Before James Dyson got involved, vacuum cleaners were a purely grudge buy. A utilitarian purchase that was only necessary if your old one had died. Logically, it made no sense to reinvent vacuum cleaners as cool looking high-ticket items. There was no demand for them. However, Dyson managed to add a degree of excitement to a boring household item and, with that touch of creative magic, created to one of the most successful products of the 20th century.

2. Don’t design for average, design for an unmet need

Most models of problem-solving will cause you to come up with a solution for a single, non-existent, representative individual with lots of completely average characteristics. This route can send you down a cul de sac, because it’s impossible to develop something you can be confident a fictitious person will definitely like. Instead, focus on standout ideas that might be readily adopted by those with an existing unmet need. Then you can make your way into the mainstream.
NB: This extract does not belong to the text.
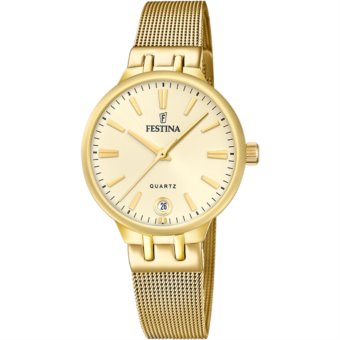 festina MADEMOISELLE f20713/2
Take the humble sandwich. An 18th century culinary stroke of genius. The Earl of Sandwich was an obsessive gambler and wanted his food in a form that wouldn’t require him to leave the card table. Hence, the mad but simple idea of packing a filling between 2 solid slices of bread. No need for cutlery or leaving the table.

3. It doesn't pay to be logical if everyone else is being logical

In Military strategy, logical means predictable - your opponent knows what you’re going to do before you do. Using logic alone makes it very likely you’ll land in the same place as everyone else. In a crowded marketplace, this creates a race to the bottom. Instead, figure out the logic model of your competitors. Find where their use of it is too narrow and exploit this.

When people want to find a new home in London, they typically consider their journey to work and start with the tube map. There are 2 problems with this. Firstly, landlords and estate agents also have the same starting point. Secondly, people forget it’s an engineering schematic and not actually a map. Instead, look for options near overground railways stations – they’re likely to be cheaper and the train will get you into central London just as fast as the tube.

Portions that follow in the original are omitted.